→ What to produce:
Whichever lines include the word "Used", copy them as they appear in the data.

→ Source information:
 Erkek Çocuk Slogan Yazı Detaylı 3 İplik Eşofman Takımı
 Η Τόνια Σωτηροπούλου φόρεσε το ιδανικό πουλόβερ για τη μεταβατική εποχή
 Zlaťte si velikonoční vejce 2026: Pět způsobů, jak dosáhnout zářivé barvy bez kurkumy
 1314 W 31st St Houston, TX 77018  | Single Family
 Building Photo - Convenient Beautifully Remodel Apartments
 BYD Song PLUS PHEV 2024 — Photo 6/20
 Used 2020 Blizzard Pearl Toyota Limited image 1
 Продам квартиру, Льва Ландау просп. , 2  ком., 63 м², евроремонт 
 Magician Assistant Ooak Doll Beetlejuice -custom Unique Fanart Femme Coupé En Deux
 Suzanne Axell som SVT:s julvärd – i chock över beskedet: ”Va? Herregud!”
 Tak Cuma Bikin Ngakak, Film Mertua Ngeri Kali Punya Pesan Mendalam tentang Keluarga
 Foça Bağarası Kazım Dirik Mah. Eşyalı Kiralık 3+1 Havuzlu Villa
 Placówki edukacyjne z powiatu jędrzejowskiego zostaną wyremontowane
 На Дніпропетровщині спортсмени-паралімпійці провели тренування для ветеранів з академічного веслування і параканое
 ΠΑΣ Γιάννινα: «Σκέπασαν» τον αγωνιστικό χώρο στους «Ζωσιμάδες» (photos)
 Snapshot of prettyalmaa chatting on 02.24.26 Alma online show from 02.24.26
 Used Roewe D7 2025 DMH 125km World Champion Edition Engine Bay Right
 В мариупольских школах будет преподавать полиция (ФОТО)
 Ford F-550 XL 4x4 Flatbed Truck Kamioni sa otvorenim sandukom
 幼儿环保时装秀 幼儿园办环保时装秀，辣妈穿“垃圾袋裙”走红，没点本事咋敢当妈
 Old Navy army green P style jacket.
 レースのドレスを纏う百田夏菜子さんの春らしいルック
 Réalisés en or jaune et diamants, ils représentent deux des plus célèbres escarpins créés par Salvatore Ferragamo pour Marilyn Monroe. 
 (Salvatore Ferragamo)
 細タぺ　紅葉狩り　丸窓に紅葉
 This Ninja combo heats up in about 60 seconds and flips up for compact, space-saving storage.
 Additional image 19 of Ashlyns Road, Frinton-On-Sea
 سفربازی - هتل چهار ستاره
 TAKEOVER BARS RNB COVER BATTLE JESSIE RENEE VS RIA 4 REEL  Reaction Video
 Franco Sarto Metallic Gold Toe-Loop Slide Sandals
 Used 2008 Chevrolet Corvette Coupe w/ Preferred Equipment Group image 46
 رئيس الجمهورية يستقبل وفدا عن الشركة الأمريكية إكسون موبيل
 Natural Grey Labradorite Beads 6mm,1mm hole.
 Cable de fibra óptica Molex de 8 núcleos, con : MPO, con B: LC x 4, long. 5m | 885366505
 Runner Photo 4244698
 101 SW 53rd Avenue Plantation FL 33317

→ Solution for this task:
 Used 2020 Blizzard Pearl Toyota Limited image 1
 Used Roewe D7 2025 DMH 125km World Champion Edition Engine Bay Right
 Used 2008 Chevrolet Corvette Coupe w/ Preferred Equipment Group image 46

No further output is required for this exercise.